New York state’s highest court has ruled that local governments have the right to tell the big drilling companies to leave them alone and mind their own fracking business.
Good, very good.
The 5-2 decision last week by the Court of Appeals rewarded the doughty efforts of the Otsego County town of Middlefield and the Tompkins County town of Dryden, which refused to be intimidated by the expenses of a long judicial process.
It was also a triumph for those who believe that folks should have a say in what goes on and what doesn’t in their towns and villages.
“The decision is a significant victory for municipal home rule rights to ensure local residents have a say in what happens in their community,” Middlefield Town Supervisor Dave Bliss said. “This decision goes a long way to ensure the town of Middlefield will continue to be known for its clean air, clean water, farms, forests, hills, trout streams, scenic viewsheds and rural lifestyle.”
This was anything but a business-friendly Republican vs. environment-oriented Democrat decision.

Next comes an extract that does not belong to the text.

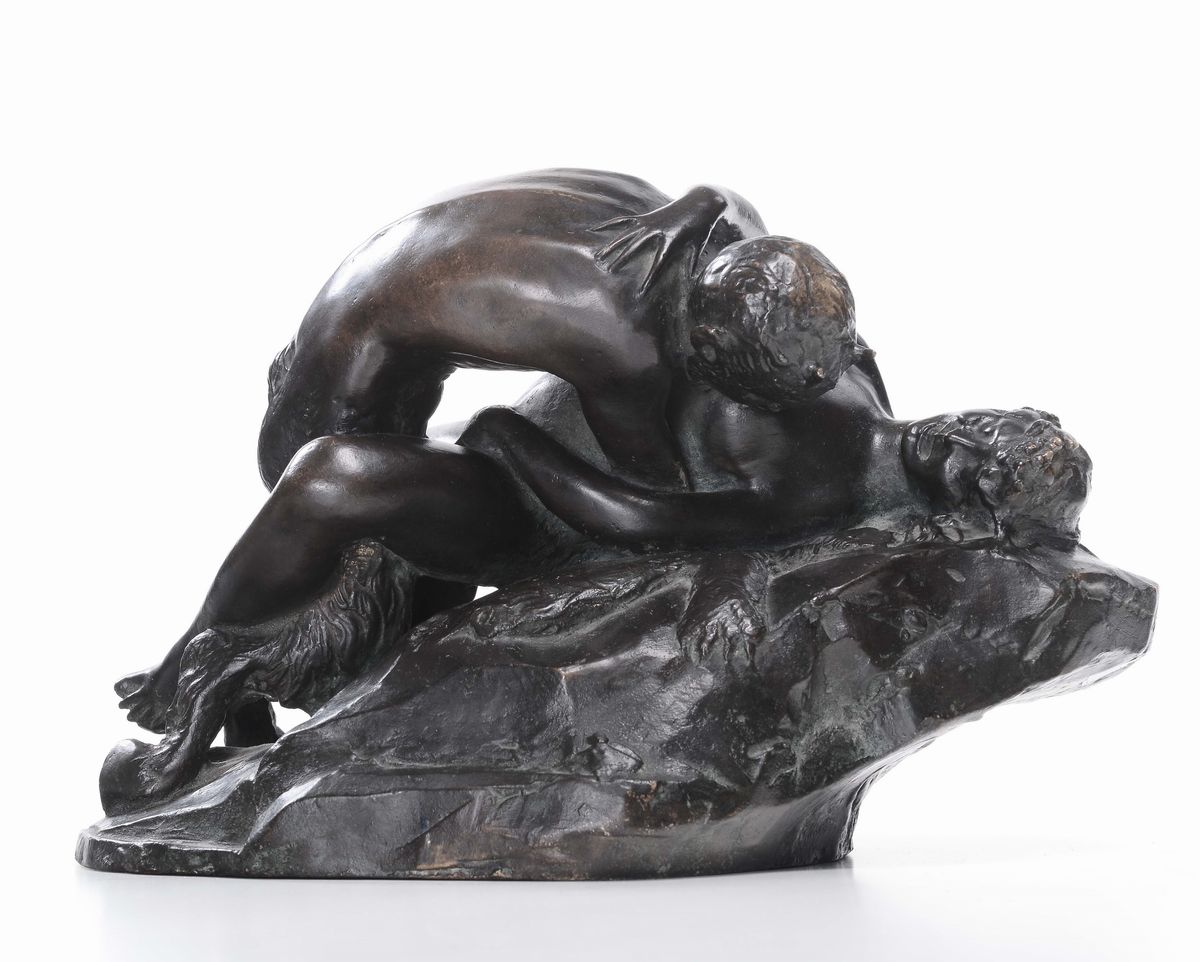 Gruppo in Bronzo Fuso Raffigurante Scena Erotica con Satiro che Possiede una Ninfa, Francia XIX-X...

The majority decision was written by Associate Judge Victoria Graffeo, a Republican.
While Middlefield’s 2011 ban was challenged by Cooperstown Holstein Corp., owned by Middlefield dairy farmer Jennifer Huntington, the suit was backed by drilling interests, including Norse Energy, a company based in Norway that challenged Dryden’s ban.
The state of New York, meanwhile, continues to dither about whether it will allow horizontal drilling for natural gas at all. A lot of people, including Gov. Andrew Cuomo’s Republican opponent, Westchester County Executive Rob Astorino, say that Cuomo is delaying a decision until after his re-election campaign is over in November.
Those people are correct about that. Cuomo has asked the state Health Department to complete a study on the health impacts of fracking. The ultimate decision about whether to allow permits for horizontal fracking will then rest with the governor.